### [Data for this exercise]

========================================

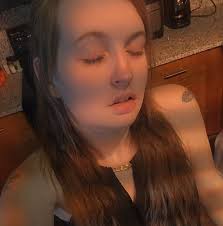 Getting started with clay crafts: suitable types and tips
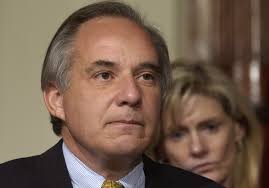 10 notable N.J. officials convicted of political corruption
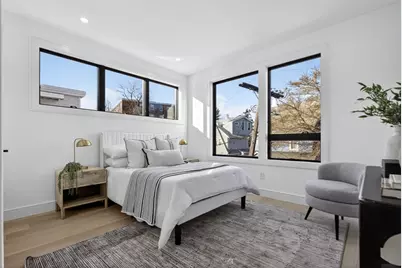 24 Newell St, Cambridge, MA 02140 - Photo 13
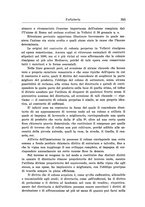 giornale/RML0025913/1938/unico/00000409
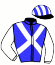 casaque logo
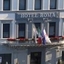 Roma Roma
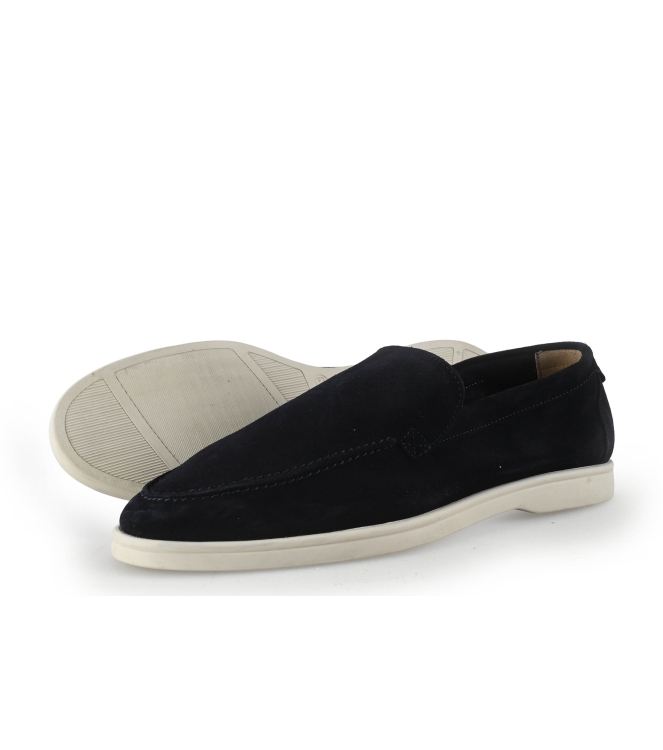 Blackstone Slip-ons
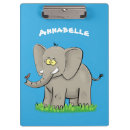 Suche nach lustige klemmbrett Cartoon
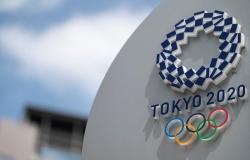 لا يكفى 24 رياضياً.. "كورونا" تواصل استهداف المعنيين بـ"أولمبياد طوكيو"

========================================

### [What you are asked to do]
Print the listing exactly, minus any pictures.

### [Answer to this exercise]
 Getting started with clay crafts: suitable types and tips
 10 notable N.J. officials convicted of political corruption
 24 Newell St, Cambridge, MA 02140 - Photo 13
 giornale/RML0025913/1938/unico/00000409
 casaque logo
 Roma Roma
 Blackstone Slip-ons
 Suche nach lustige klemmbrett Cartoon
 لا يكفى 24 رياضياً.. "كورونا" تواصل استهداف المعنيين بـ"أولمبياد طوكيو"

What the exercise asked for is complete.